A day in the life of a Web Analyst

Posted by on April 9, 2021

Hi, I’m Lana and I’m a Web Analyst within the Analytics team here at FreeAgent. I primarily look after our Google platform products such as Google Analytics 360, Google Optimize, Google Data Studio and Google Tag Manager. When I tell people my job title, usually the next question I get is ‘So what is it you actually do then?’ To help answer this question, I decided to spend a day recording everything I did…

9am – 10am: Team retrospective

The first meeting of the day is usually our team’s daily stand-up meeting at 9.10am. However, today is slightly different – we have our retro team meeting where we look back over the past few weeks to see what’s been working and what could be improved. We like to use Google Jamboard for these meetings as it’s very interactive and works well remotely.  We spend around 10-15 minutes adding post-it notes to the board about anything and everything we want to discuss or mention. The remaining time is spent talking through each card, spotting common themes and making notes of any learnings we want to apply in future. Some key things that are raised during this retro include looking at different ways we can be more productive when working from home and how we can continue to optimise our current work processes. Retros are usually a fun group session for us and today’s session is very positive – we all come away agreeing that we love working with each other. 

10am – 12pm: Matillion and Looker work

This week I’m working on something totally different for me which is a bit outside my comfort zone. To broaden my skill set and learn new things I’ve been discovering how to move data around using Matillion (our ETL tool) and then present that data in our business intelligence  tool, Looker.

Each morning for the past week I’ve set aside a few hours to work with my line manager, Rob, and we focus solely on this project. Rob recently wrote a blog about the similarities between Looker and supermarkets and I’ve found this to be a useful metaphor to help me understand how the platform works. Overall it’s been quite intense and I feel like I’ve been chucked in at the deep end a bit, as Rob’s encouraged me to do most of the work rather than just sit and watch, but I really feel like I’ve started to get to grips with how the process works and how data gets from one location (or several) to another.  

Loading data into staging table

12pm – 12.15pm: Meet McTagger

Straight from Matillion and Looker work I have a quick meeting booked in to show a colleague in the Support team how to use our in-house UTM builder, which we have lovingly named McTagger. I worked with our website team last year to build this when we realised we had the demand internally for a tool which could help to standardise the UTM tracking whilst also helping to reduce any common, easy-to-make mistakes such as capitalisation (as these appear separately within GA and can ultimately dilute your data). McTagger is a simple solution (essentially it’s just a very fancy spreadsheet with some scripts), but it has been really effective. Since we launched it last year it’s helped to generate over 1,200 tracked links and is used throughout the business by several teams. 
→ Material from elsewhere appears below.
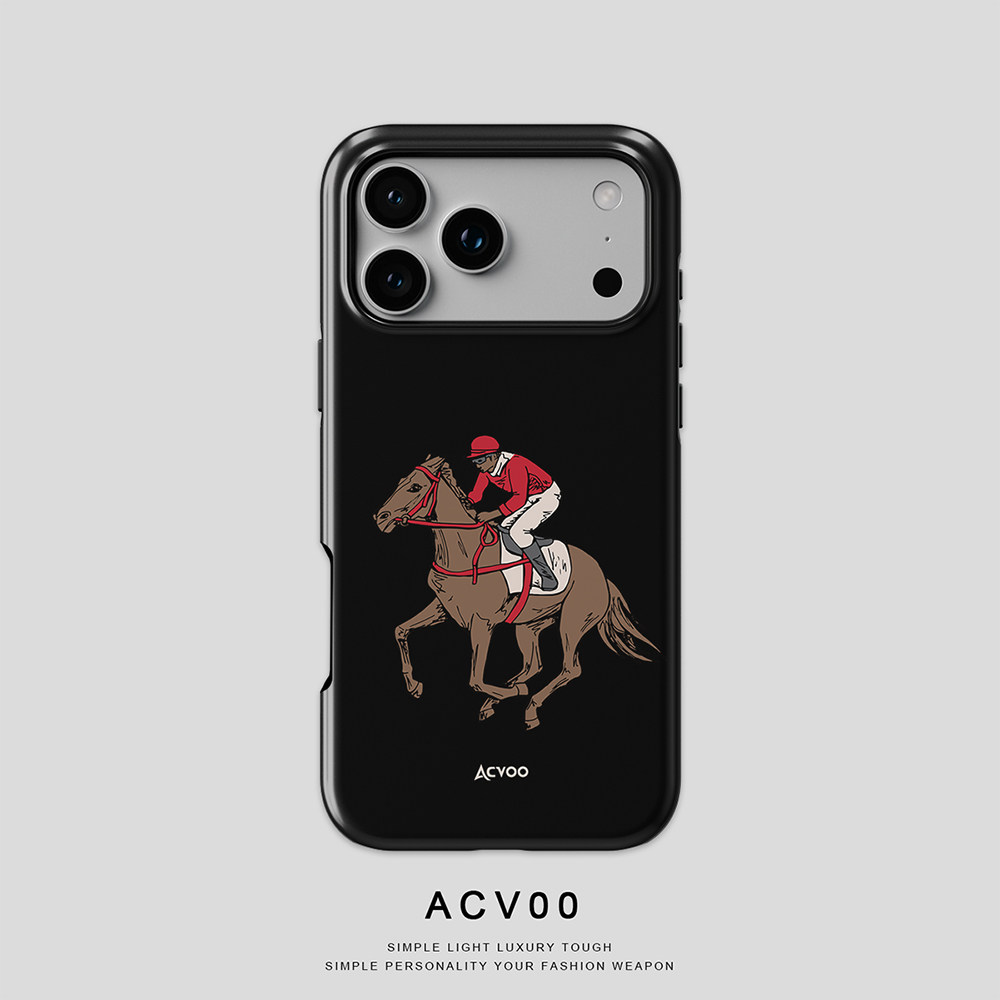 Acvoo赛马复古骑士图腾印花iPhone17Promax保护16适用于苹果15手机壳14防摔壳13不褪色12可水洗全包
12.15pm – 12.30pm: Slack check-in

As I’ve been on calls most of the morning, I’ve not had much chance to reply to any Slack messages so I have a quick browse. One message is asking for advice around adding Google Analytics tracking in our Knowledge Base section of the website so I have a quick look and play around to check the current tracking and pass on my comments and suggestions.

12.30pm – 1pm: Build transformation jobs

Towards the end of my Matillion/Looker session with Rob earlier, he challenged me to build three more transformation jobs in Matillion all on my own and, since I have some free time now before lunch, I have a go at building these. It’s slightly daunting as I’ve only got a few hours of Matillion experience behind me, and while I do feel like I’m getting to grips with it, it feels a bit like when you pass your driving test and you go on that first drive on your own and there’s no one else in the car telling you what to do. But Rob assures me that I can’t break anything so I give it my best shot and build what I hope are the correct transformation jobs. 

1pm – 2pm: Lunch

(I had beans on toast, if you were wondering.) 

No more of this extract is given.